AIM OF THE EXERCISE: Please, from the entries below, transcribe exactly the lines that begin at the line with "Day Trip to" and end at the line with "112 Acres 11th", without the pictures.

ENTRIES PROVIDED:
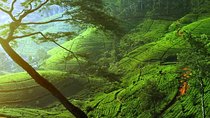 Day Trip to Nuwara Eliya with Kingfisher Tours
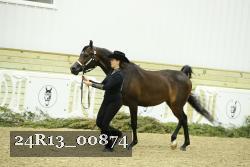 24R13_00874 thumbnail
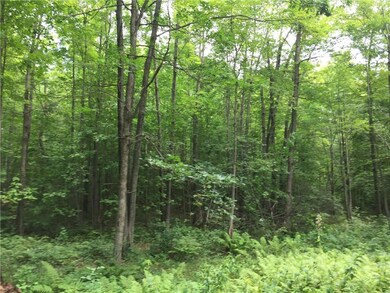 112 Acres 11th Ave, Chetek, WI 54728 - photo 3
* * *
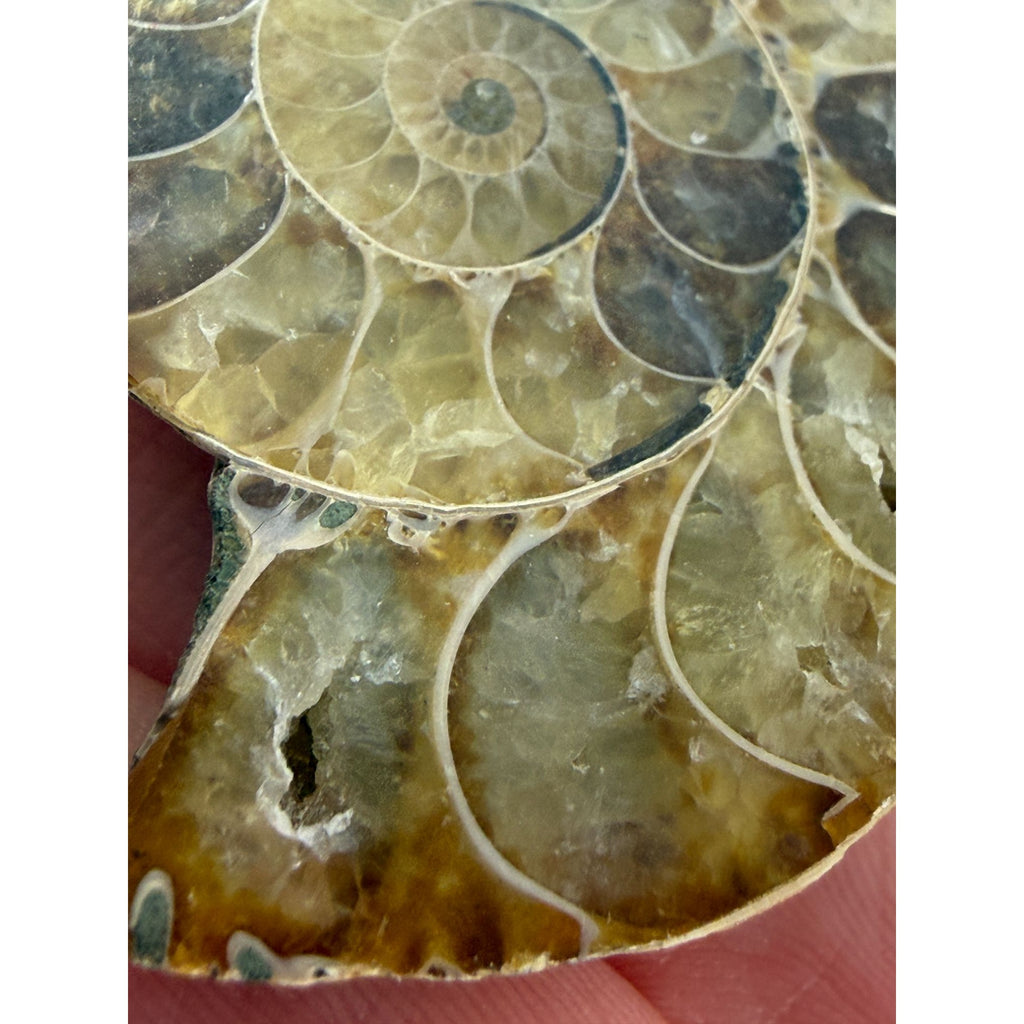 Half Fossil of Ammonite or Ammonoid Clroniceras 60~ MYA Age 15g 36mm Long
---
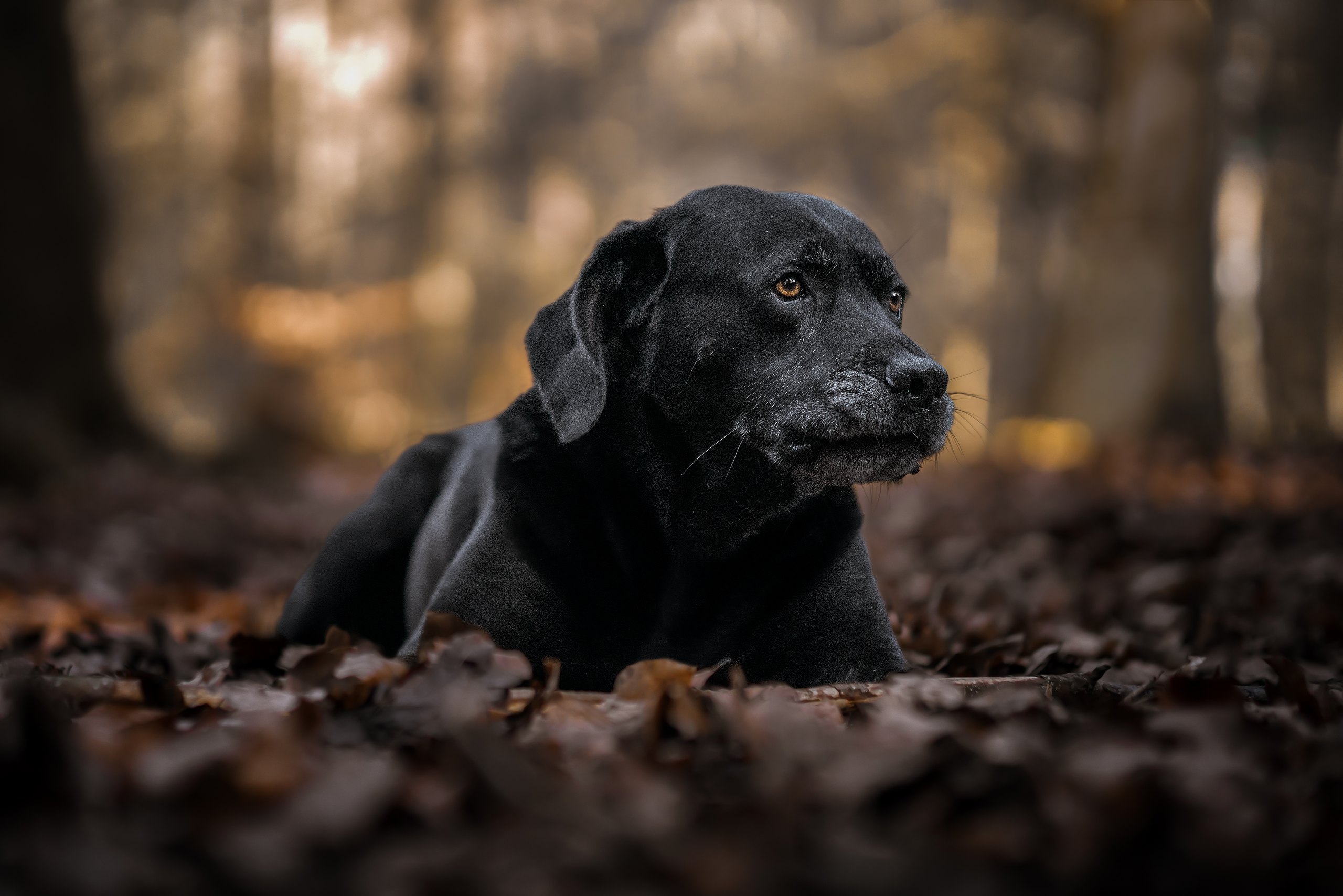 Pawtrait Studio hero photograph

RESPONSE:
 Day Trip to Nuwara Eliya with Kingfisher Tours
 24R13_00874 thumbnail
 112 Acres 11th Ave, Chetek, WI 54728 - photo 3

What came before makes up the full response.